Karlson said that Sam Goldwyn put him under contract intending to use him as a director, but Karlson wound up spending nine months idle. He asked for a release of his contract and got it. He joined a company of Maurice Kosloff.

He went back to Universal where he worked as an assistant on The Black Doll (1938); The Case of the Missing Blonde (1938); The Last Express (1938); His Exciting Night (1938), The Last Warning (1938), Newsboys' Home (1938), and Society Smugglers (1939), directed by Joe May.

His credits became more distinguished: Rio (1939), with Basil Rathbone, directed by John Brahm; The Invisible Man Returns (1940) and The House of the Seven Gables for May; I Can't Give You Anything But Love, Baby (1940), a musical; You're Not So Tough (1940), for May; Margie (1940), Seven Sinners (1940), with John Wayne and Marlene Dietrich for director Tay Garnett; Where Did You Get That Girl? (1941), for Arthur Lubin; and The Flame of New Orleans (1941), with Dietrich for René Clair.

Karlson did In the Navy (1941) with Abbott and Costello for Lubin, and he became friendly with Lou Costello, often pitching him gags.
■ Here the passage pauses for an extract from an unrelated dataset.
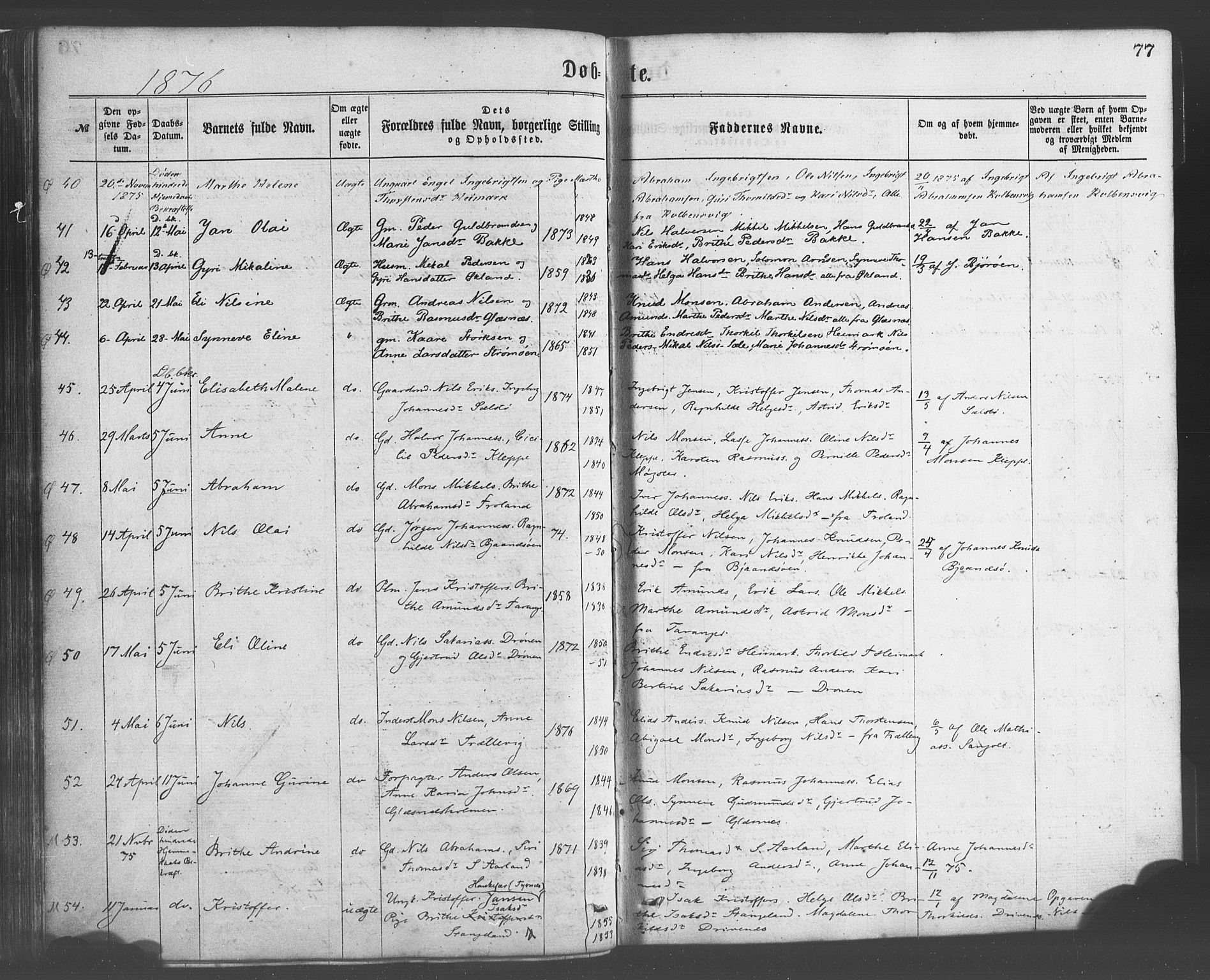 Sund sokneprestembete, AV/SAB-A-99930: Parish register (official) no. A 15, 1867-1881, p. 77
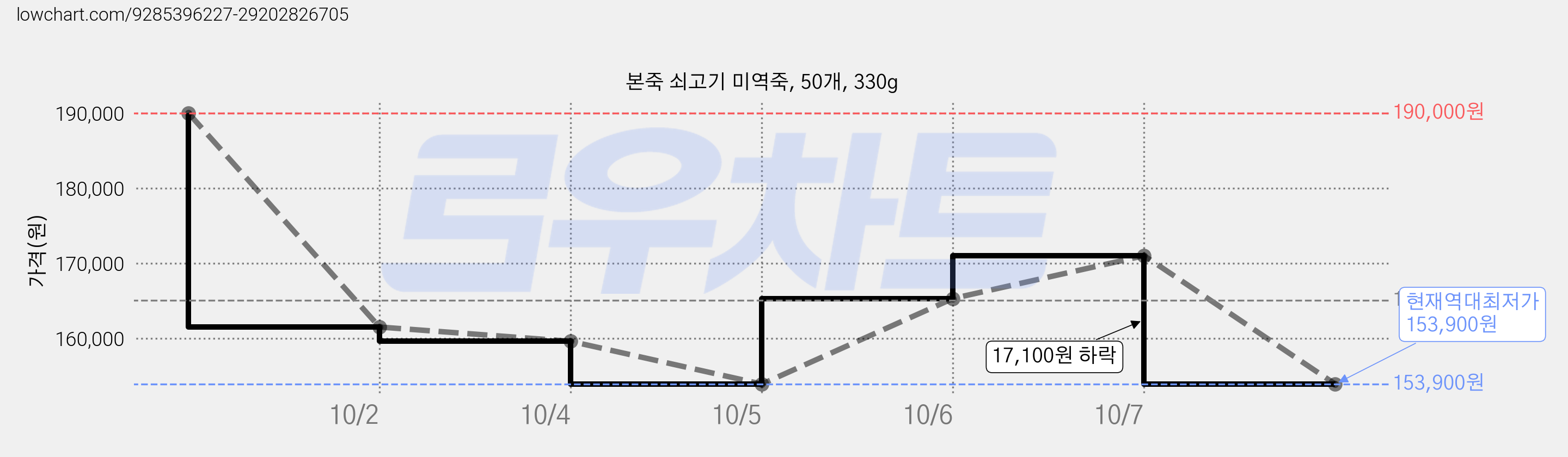 본죽 쇠고기 미역죽, 50개, 330g 가격 변동 차트, 현재가 153,900원, 역대최저가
He worked on It Started with Eve (1941) for Henry Koster with the studio's other big star, Deanna Durbin.

Karlson quit Universal in 1940 to enlist in the U.S. Army Air Forces. In 1943, he was injured in a plane crash ending his career as a flight instructor.

===Monogram Pictures===
Karlson, still using his real name of Philip Karlstein, took a job at Monogram Pictures, as an assistant director. He was contacted by Lou Costello, who wanted to produce a film and offered Karlstein the job of directing it. The resulting movie was A Wave, a WAC and a Marine (1944), starring comedian Henny Youngman. Karlson called it "probably the worst picture ever made... a nothing picture, but I was lucky because it was for Monogram and they didn't understand how bad it was, because they had never made anything that was any good." However, Karlson did like his second film as director, G. I. Honeymoon (1945), with Gale Storm, which received an Oscar nomination for Best Music.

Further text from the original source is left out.